Retype the material exactly, ending with the line containing "File:Vandalism at Muslim".
(Material provided Opens)
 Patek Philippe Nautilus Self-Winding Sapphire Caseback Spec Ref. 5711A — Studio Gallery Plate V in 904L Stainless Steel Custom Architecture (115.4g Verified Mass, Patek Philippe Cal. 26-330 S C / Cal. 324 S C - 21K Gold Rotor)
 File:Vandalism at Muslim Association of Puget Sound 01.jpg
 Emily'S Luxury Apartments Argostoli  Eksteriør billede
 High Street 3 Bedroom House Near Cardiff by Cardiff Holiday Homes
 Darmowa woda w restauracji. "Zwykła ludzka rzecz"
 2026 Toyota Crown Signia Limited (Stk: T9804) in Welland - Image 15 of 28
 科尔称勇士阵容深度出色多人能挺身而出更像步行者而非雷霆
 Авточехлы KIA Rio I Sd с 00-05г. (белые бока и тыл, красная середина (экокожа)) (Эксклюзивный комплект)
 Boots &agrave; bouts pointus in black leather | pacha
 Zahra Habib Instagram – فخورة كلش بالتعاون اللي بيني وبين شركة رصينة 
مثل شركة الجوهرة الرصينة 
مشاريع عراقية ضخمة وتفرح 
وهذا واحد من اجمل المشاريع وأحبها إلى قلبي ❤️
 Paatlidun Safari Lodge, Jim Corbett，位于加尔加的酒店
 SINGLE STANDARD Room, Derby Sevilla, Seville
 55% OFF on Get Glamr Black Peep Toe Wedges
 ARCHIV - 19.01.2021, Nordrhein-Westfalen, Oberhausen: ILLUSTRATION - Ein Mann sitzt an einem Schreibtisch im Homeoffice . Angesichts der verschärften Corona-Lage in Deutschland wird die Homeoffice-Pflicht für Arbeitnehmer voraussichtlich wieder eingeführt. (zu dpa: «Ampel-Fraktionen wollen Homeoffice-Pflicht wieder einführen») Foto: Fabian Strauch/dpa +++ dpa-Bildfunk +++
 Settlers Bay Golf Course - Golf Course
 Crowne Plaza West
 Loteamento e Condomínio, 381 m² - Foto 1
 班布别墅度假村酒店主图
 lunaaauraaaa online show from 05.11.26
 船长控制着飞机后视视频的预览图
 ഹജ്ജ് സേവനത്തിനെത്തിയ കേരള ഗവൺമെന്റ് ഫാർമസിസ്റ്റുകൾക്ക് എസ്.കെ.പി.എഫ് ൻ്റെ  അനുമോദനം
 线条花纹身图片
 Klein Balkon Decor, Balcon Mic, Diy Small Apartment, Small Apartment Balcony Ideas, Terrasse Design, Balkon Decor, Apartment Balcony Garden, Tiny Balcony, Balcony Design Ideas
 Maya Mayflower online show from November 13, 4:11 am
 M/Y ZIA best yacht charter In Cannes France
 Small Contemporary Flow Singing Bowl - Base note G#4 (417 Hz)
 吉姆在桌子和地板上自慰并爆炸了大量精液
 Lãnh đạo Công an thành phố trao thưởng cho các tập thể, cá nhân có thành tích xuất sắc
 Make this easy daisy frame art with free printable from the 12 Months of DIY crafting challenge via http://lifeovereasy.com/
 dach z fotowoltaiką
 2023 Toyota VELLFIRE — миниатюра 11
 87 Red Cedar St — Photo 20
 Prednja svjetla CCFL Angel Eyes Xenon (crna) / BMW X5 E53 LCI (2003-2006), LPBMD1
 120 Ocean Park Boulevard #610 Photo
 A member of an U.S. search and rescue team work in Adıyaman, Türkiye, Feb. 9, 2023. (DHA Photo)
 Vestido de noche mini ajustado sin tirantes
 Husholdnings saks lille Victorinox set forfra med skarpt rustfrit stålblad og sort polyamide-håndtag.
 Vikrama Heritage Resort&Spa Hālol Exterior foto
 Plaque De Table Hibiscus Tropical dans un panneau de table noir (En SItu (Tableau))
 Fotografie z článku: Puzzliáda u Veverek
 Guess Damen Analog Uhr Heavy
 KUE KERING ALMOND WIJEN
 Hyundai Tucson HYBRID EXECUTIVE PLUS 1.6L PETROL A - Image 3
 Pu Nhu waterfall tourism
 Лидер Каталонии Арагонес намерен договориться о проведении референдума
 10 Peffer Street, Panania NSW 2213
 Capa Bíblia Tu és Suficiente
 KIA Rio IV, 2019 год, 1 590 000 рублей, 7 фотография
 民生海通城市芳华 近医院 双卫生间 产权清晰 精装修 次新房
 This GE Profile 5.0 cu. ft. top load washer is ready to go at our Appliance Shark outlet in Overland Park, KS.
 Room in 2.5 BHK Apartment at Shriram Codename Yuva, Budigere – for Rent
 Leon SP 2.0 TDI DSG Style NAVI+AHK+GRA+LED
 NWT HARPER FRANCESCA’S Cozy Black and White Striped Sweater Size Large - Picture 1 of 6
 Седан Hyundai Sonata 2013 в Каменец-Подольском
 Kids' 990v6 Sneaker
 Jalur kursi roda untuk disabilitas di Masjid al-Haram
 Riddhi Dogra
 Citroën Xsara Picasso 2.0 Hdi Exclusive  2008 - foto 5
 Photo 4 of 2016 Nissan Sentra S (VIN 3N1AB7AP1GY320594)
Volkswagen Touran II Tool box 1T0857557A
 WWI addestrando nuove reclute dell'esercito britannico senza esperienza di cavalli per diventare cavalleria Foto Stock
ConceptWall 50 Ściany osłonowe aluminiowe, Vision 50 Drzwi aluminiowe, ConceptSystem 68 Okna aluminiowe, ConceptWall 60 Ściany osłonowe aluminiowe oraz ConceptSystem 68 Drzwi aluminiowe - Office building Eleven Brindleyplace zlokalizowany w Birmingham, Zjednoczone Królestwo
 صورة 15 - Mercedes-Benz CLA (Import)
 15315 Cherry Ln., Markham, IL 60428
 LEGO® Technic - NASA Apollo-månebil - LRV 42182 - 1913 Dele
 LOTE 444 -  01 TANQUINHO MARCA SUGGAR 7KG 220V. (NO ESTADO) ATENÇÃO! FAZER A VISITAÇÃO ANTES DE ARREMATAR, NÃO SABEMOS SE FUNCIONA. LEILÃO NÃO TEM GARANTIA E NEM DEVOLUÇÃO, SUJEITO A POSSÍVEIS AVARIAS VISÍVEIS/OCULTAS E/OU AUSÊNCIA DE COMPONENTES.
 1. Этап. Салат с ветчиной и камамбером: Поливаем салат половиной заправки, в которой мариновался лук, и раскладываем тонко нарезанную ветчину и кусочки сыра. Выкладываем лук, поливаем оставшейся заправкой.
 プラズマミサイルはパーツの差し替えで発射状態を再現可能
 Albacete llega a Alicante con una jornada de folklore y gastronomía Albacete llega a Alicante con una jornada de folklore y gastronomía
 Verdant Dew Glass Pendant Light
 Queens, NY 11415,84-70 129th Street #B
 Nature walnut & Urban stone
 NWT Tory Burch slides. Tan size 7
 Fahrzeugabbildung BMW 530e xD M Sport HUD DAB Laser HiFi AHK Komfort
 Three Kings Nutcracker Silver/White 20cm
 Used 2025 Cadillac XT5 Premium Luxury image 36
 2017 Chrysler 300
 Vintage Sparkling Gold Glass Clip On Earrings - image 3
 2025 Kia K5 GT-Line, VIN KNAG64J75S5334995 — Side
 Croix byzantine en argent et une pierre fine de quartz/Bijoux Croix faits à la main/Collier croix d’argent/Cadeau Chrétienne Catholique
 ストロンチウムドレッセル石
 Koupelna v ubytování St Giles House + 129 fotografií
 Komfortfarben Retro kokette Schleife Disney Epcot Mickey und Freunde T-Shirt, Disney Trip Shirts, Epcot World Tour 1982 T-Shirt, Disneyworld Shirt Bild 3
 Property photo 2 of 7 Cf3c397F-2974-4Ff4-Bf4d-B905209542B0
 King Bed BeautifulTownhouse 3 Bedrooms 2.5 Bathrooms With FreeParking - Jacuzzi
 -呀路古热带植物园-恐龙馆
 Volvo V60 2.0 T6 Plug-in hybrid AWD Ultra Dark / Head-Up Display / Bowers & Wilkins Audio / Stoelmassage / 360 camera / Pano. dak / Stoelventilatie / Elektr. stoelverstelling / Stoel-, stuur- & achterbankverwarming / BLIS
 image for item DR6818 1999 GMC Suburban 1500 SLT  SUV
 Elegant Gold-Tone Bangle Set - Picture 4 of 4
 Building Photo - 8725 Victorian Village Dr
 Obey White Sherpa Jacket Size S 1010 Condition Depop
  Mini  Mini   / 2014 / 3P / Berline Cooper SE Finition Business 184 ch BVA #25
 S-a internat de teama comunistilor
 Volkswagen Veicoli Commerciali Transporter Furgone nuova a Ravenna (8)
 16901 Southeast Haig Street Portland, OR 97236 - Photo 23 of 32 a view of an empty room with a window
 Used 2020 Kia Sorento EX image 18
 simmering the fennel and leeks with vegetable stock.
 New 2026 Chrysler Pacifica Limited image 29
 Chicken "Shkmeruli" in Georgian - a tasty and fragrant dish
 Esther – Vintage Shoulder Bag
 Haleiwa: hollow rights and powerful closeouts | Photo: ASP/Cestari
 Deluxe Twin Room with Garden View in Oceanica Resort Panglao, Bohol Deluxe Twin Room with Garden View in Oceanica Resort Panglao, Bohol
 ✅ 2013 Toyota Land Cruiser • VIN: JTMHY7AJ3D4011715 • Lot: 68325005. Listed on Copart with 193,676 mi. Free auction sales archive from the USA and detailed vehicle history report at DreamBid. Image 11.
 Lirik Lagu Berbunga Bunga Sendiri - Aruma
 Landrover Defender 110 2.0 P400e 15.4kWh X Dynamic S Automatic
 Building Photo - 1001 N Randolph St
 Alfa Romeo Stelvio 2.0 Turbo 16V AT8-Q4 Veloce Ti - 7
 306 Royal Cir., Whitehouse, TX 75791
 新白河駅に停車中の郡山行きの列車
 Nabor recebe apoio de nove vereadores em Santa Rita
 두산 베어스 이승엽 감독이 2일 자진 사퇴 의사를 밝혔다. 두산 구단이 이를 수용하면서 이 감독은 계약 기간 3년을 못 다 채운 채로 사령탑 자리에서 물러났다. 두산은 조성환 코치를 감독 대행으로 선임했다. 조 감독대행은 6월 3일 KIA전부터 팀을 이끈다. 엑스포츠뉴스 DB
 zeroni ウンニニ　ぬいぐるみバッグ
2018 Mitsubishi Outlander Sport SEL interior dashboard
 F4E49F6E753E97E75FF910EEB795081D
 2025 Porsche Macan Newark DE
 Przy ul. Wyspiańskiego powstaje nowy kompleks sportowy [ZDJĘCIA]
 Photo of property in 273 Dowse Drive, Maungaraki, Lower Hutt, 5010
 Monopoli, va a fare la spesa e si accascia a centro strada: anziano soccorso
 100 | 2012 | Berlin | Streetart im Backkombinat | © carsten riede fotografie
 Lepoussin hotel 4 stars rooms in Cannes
(Material provided Closes)
Task solution:
 Patek Philippe Nautilus Self-Winding Sapphire Caseback Spec Ref. 5711A — Studio Gallery Plate V in 904L Stainless Steel Custom Architecture (115.4g Verified Mass, Patek Philippe Cal. 26-330 S C / Cal. 324 S C - 21K Gold Rotor)
 File:Vandalism at Muslim Association of Puget Sound 01.jpg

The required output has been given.